Perante todo esse quadro, funcionários, professores e alunos vêm se reunindo e, na última quarta e quinta-feira, decidiu-se pela paralisação total das atividades como forma de protesto. E essa é, em linhas gerais, a atual situação da Faculdade de Direito da USP. Mas a questão agora é:
Por que a Globo quis mostrar os alunos como irresponsáveis e retrógrados? Por que não disse que a esmagadora maioria dos professores os apóiam? Por que ignorou os procedimentos formais existentes na instituição? Por que encobriu grande parte da história? Por que mostrou o reitor João Grandino Rodas como homem sensato?

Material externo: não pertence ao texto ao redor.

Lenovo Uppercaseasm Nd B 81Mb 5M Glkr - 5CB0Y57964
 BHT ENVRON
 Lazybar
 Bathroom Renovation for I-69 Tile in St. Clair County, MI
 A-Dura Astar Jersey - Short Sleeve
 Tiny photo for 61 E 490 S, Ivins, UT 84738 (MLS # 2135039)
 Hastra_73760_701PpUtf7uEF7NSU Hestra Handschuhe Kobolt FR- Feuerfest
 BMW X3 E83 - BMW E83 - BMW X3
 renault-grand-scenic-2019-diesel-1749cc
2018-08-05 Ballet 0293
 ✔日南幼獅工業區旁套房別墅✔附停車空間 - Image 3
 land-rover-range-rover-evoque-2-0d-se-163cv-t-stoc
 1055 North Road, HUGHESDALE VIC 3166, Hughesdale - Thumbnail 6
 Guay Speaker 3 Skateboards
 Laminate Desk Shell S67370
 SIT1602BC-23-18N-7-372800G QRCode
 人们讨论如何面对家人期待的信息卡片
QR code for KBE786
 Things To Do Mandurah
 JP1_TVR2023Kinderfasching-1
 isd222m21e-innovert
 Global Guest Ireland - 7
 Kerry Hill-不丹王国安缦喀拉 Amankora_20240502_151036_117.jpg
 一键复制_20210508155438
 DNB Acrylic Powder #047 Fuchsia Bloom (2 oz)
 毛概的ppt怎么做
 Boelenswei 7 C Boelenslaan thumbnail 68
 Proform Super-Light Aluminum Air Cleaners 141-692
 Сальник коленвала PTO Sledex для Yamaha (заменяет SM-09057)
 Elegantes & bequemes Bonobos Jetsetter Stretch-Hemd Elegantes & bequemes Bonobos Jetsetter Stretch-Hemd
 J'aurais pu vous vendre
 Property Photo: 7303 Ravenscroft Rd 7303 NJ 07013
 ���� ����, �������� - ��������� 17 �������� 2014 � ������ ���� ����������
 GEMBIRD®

Arrisco uma resposta. Na faculdade, já muito todos só falam no objetivo de João Grandino Rodas em 2011: Ministro da Educação de José Serra.
E aí, Azenha, ninguém do seu site está interessado nessa história? Se vocês quiserem fazer jornalismo de verdade, tenho certeza de que muita gente vai cooperar lá, desde alunos até professores. Fiquei sentindo falta deste contraponto também, e acho que sua página é o melhor lugar para se fazê-lo na Internet.
Grande abraço,
Thiago de Sousa Leal
obs.: desculpe o texto longo e também eventuais erros, isso tudo foi escrito de uma só vez.